Wednesday, January 31, 2018

Open-minded people see disagreement as a thoughtful means to expand their knowledge. They don’t get angry or upset at questions; rather, they want to identify where the disagreement lies so they can correct their misperceptions. They realize that being right means changing their minds when someone else knows something they don’t.

Closed-minded people are more interested in proving themselves right than in getting the best outcome. They don’t ask questions. They want to show you where you're wrong without understanding where you’re coming from. They get angry when you ask them to explain something.
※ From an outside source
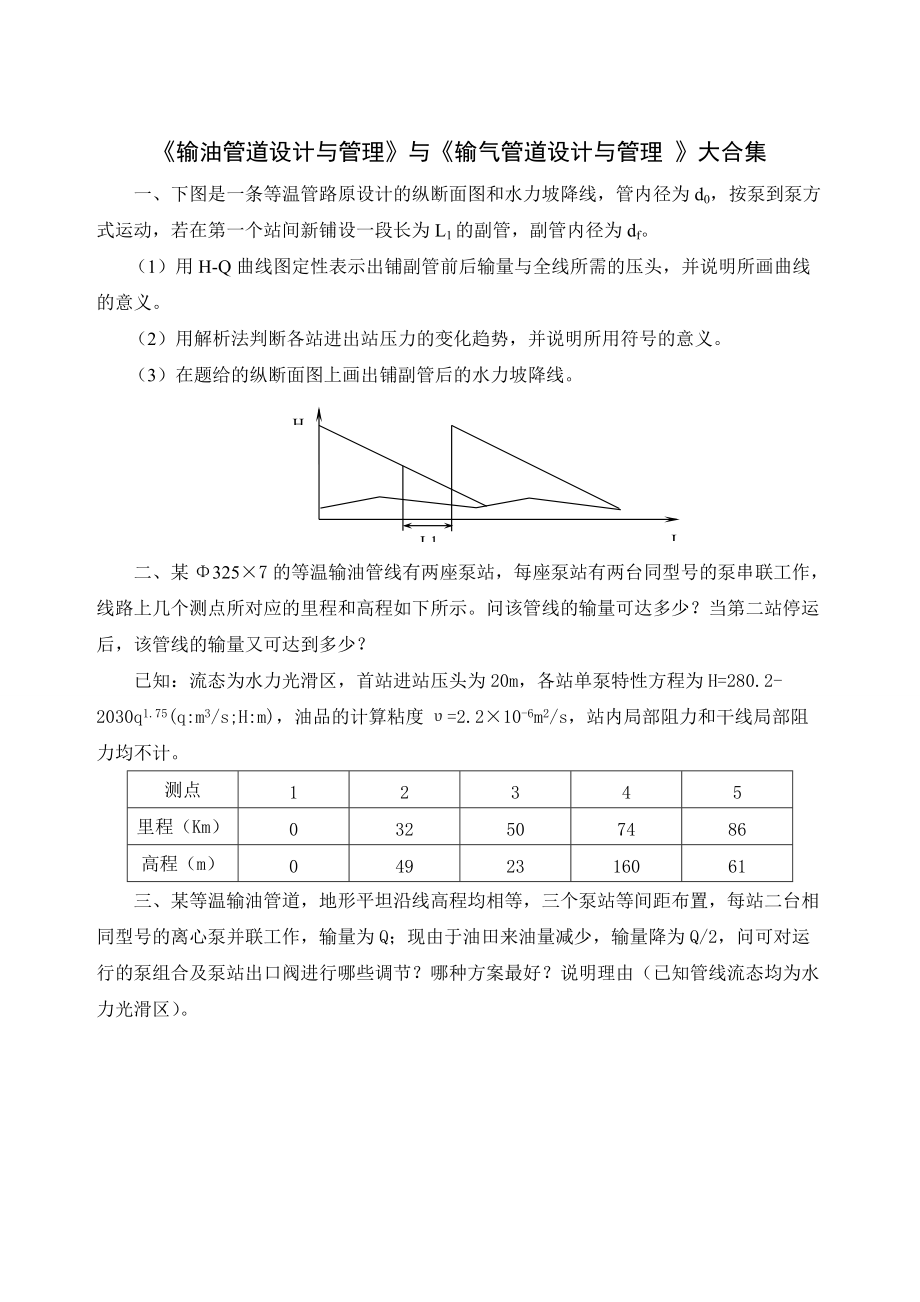 《輸油管道設(shè)計(jì)與管理》與《輸氣管道設(shè)計(jì)與管理》復(fù)習(xí)1_第1頁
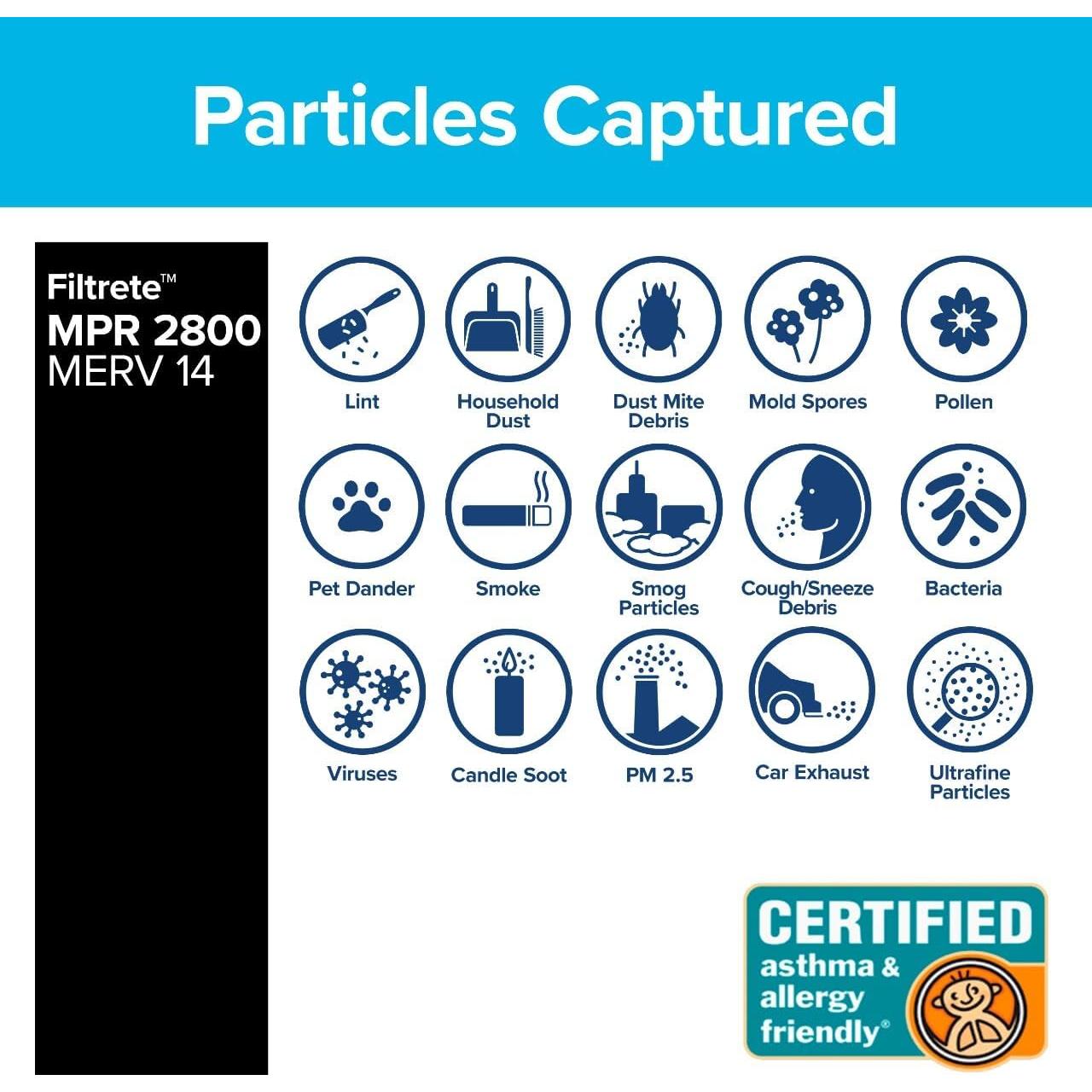 Filtro de Aire Plisado 3M Filtrete 20x20x1 MPR 2800 MERV 14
They think people who ask questions are slowing them down. And they think you’re an idiot if you don’t agree.

Gospel Text: (MK 6:1-6)
Jesus departed from there and came to his native place,
accompanied by his disciples.
When the sabbath came he began to teach in the synagogue,
and many who heard him were astonished.
They said, “Where did this man get all this?
What kind of wisdom has been given him?
What mighty deeds are wrought by his hands!
Is he not the carpenter, the son of Mary,
and the brother of James and Joseph and Judas and Simon?
And are not his sisters here with us?”
And they took offense at him.
Jesus said to them,
“A prophet is not without honor except in his native place
and among his own kin and in his own house.”
So he was not able to perform any mighty deed there,
apart from curing a few sick people by laying his hands on them.
He was amazed at their lack of faith.

So often we are like Jesus' own towns-folk: we refuse to even listen or to try to understand because of established prejudices, though without any basis. How often have we ignored God's message to us because we do not like the priest or bishop who delivered the homily to us? How often have we failed to love our neighbor because of unfounded misunderstanding with some in the community? Are we open to the daily miracles of love and sacrifice we see in people around us? Are we able to see God's love and care for us in the many daily wonders of nature around us?